I need the lines from the one holding "A modern living" to the last line of the data below repeated exactly, both included, without pictures.

(Excerpted records begins)

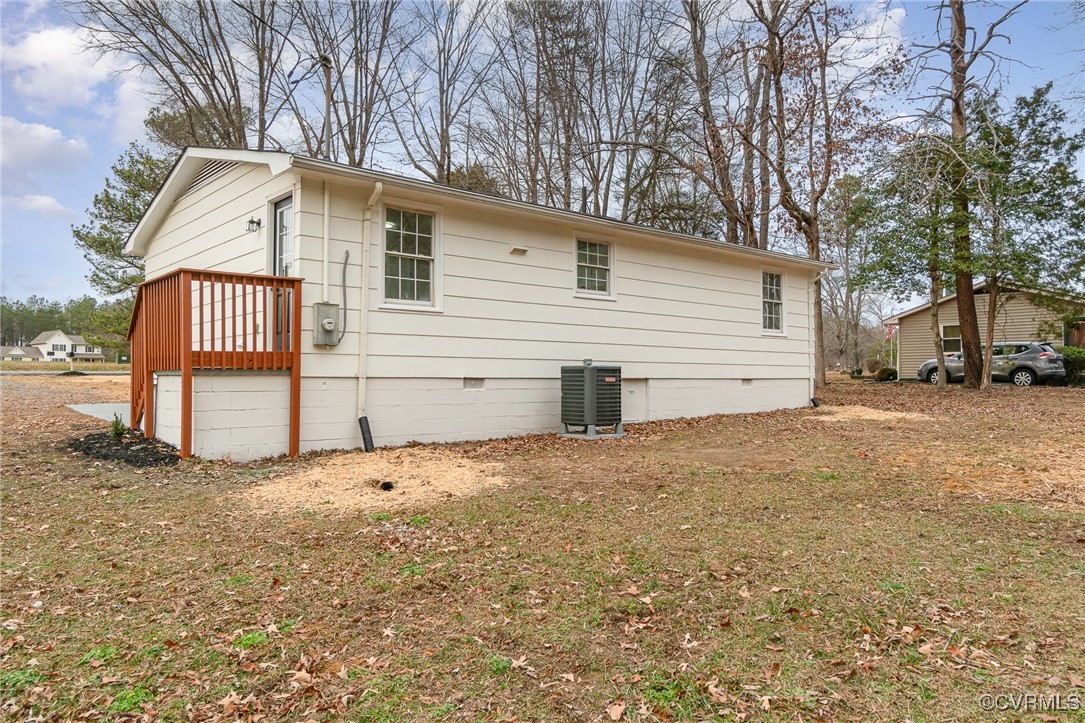19256 Perimeter Road Milford, VA 22514 - Photo 25 of 29 Rear view of house featuring central AC
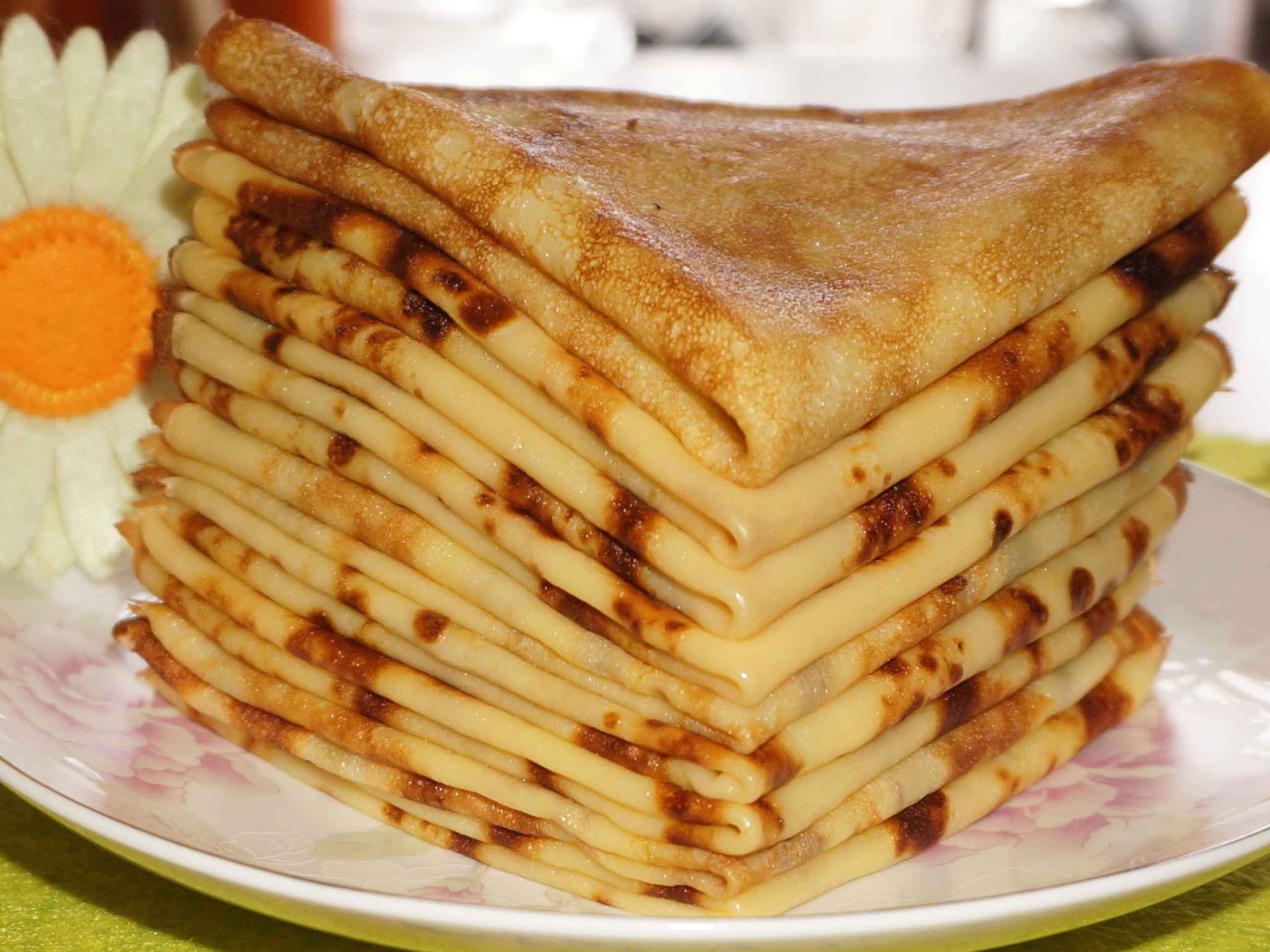 Стопка тонких блинов с ромашкой на Масленицу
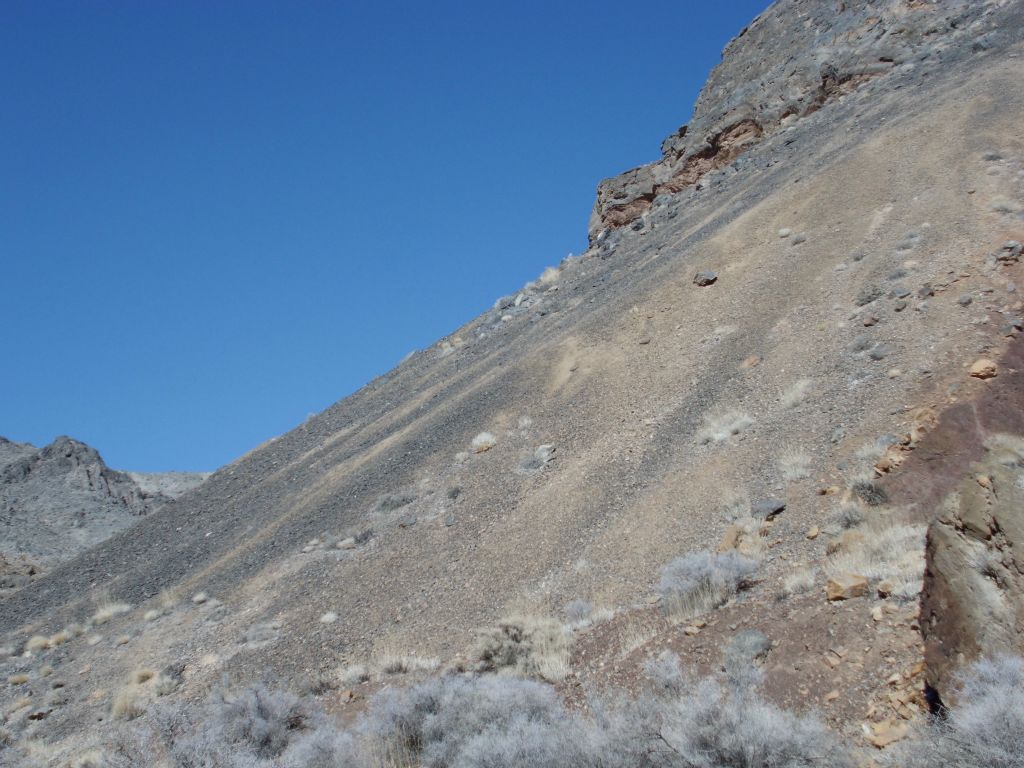 Check out this long diagonal rockslide of gravel down into the wash:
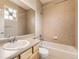 Well-lit bathroom with a tub and shower combination, tiled walls, and a vanity with a sink and ample counter space at 10311 Belvedere Ln, Lone Tree, CO 80124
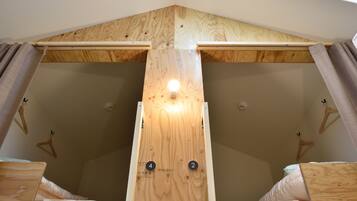 Une pièce dotée d’un plafond en pente et de poutres en bois, comprenant deux lits avec des têtes de lit et un luminaire central.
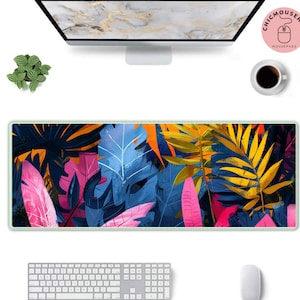 May include: A colourful abstract mouse mat with a tropical leaf design. The mouse mat features a variety of colours, including pink, blue, yellow, and green. The leaves are arranged in a random pattern, creating a visually appealing and modern design.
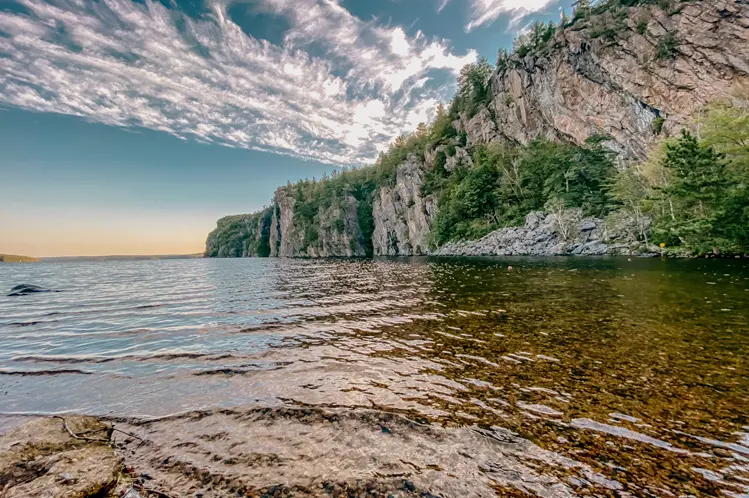 La imponente roca Mazinaw reflejándose en el lago en un día soleado en el Parque Provincial Bon Echo.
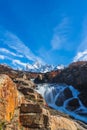 Beautiful panoramic view of Fitz roy mountains with white snow peak with colorful red orange leaves tree in sunny blue sky day, Royalty Free Stock Photo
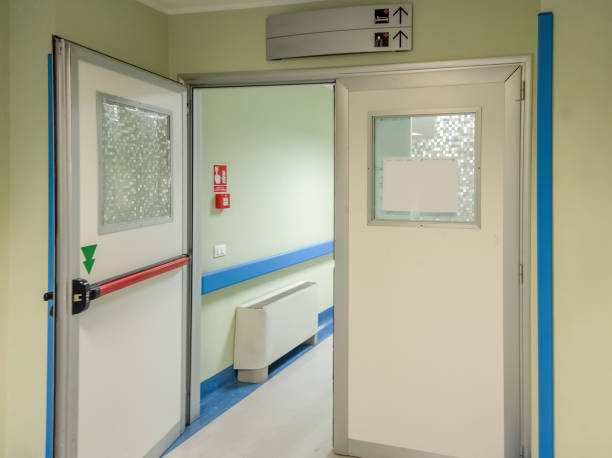 istock Open hospital ward door with red emergency handle 2204341250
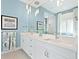 Modern bathroom with double vanity and a large mirror at 9224 Starry Night Ave, Sarasota, FL 34241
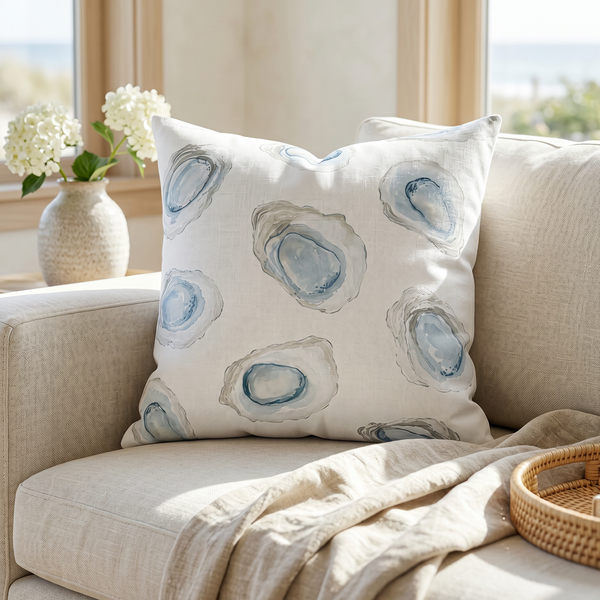 light blue throw pillow cover with white oyster shell pattern for coastal couch or bed decor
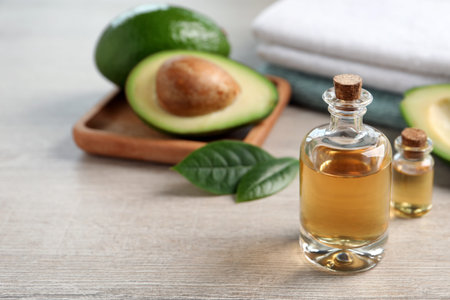 Bottles of essential oil, fresh avocado and towels on light wooden table, space for textの写真素材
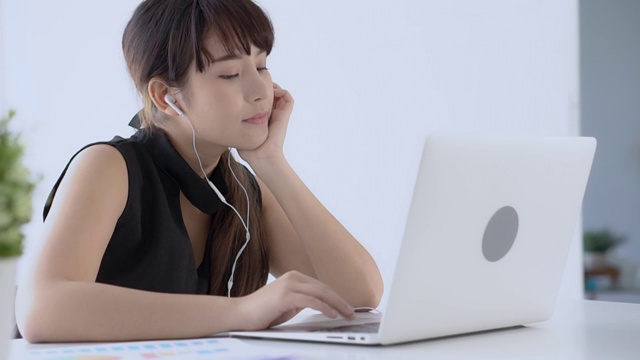 美丽的年轻亚洲女人微笑着坐在用笔记本电脑听音乐与耳机放松在办公室，女孩我们笔记本听广播上网，生活理念。视频素材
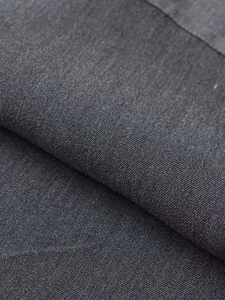 Detailed close-up of dark grey double-breasted fishtail dress twill fabric texture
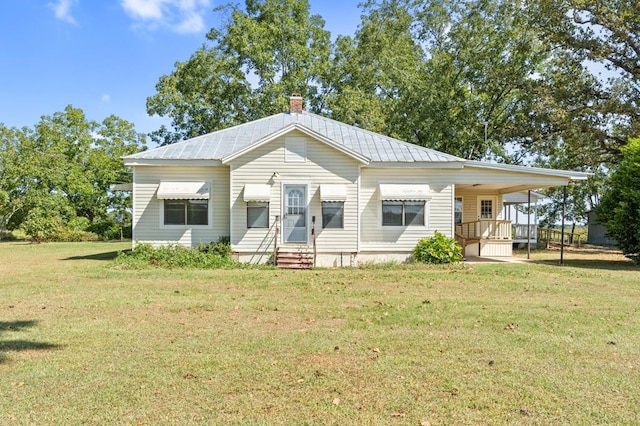 view of front of home with a chimney, entry steps, metal roof, a carport, and a front lawn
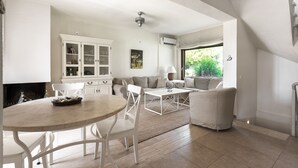 A modern living room with a dining area, white furniture, and a view of greenery outside. - Azapiko Dream Villa by Luxlikehome (Στυλαδάρι)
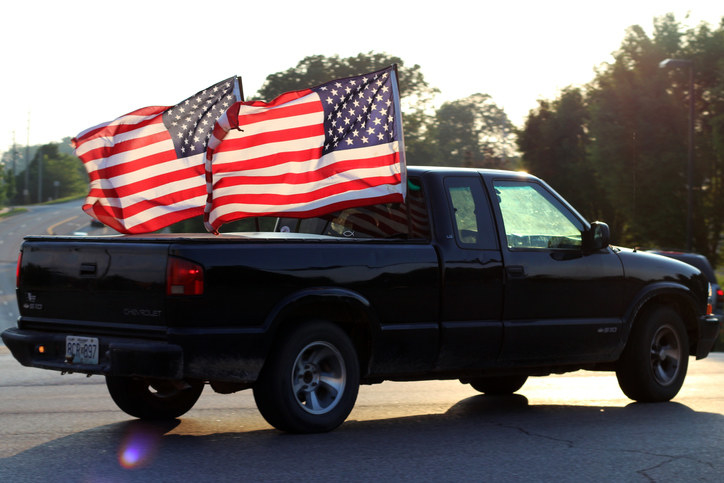 Car with two massive American flags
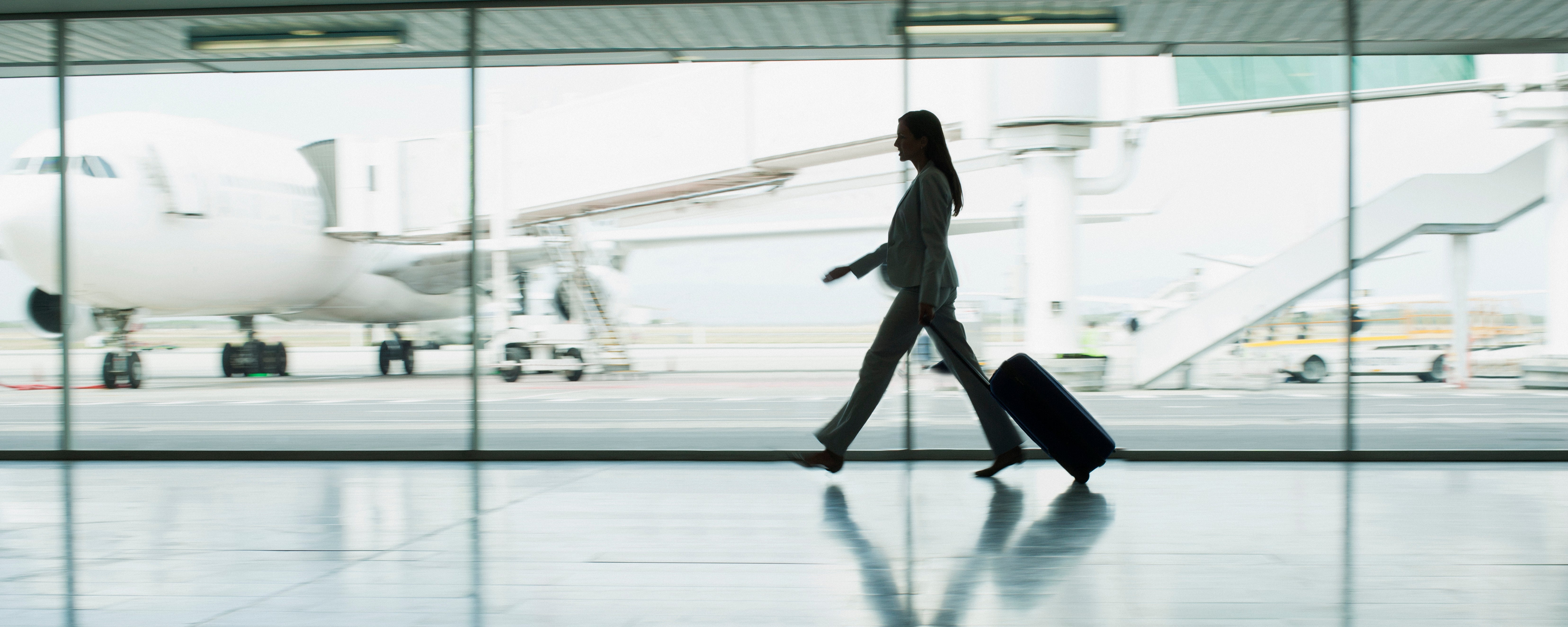 Businesswoman with suitcase in airport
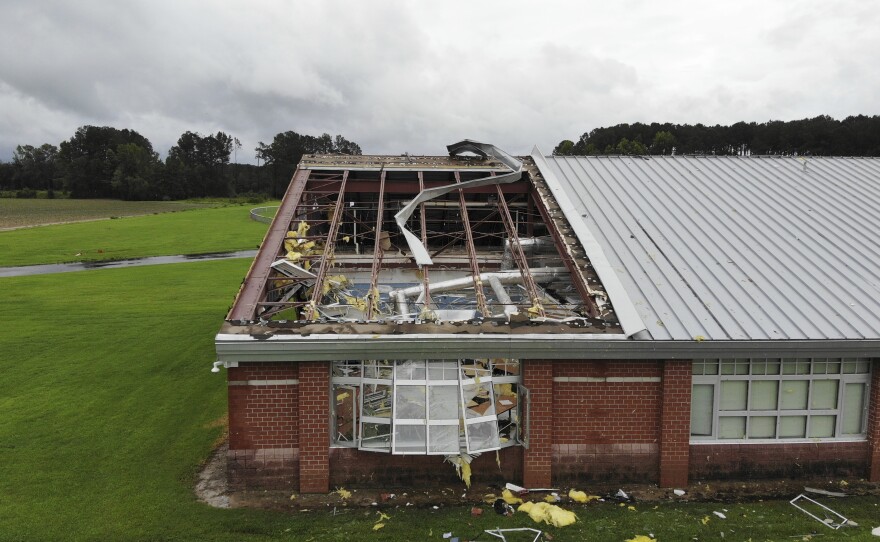 Debris from a tornado spun off by the remnants of Tropical Storm Debby, litters the campus of Springfield Middle School in Lucama, N.C., on Thursday, Aug. 8, 2024.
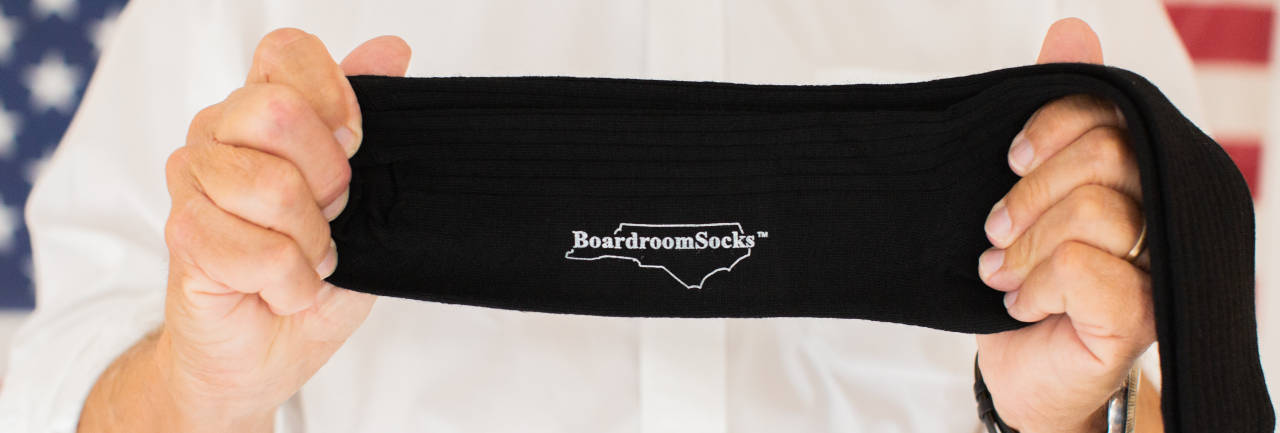 man holding thin black dress socks while standing in front of American flag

(Excerpted records ends)

• [Task solution]:
 A modern living room with a dining area, white furniture, and a view of greenery outside. - Azapiko Dream Villa by Luxlikehome (Στυλαδάρι)
 Car with two massive American flags
 Businesswoman with suitcase in airport
 Debris from a tornado spun off by the remnants of Tropical Storm Debby, litters the campus of Springfield Middle School in Lucama, N.C., on Thursday, Aug. 8, 2024.
 man holding thin black dress socks while standing in front of American flag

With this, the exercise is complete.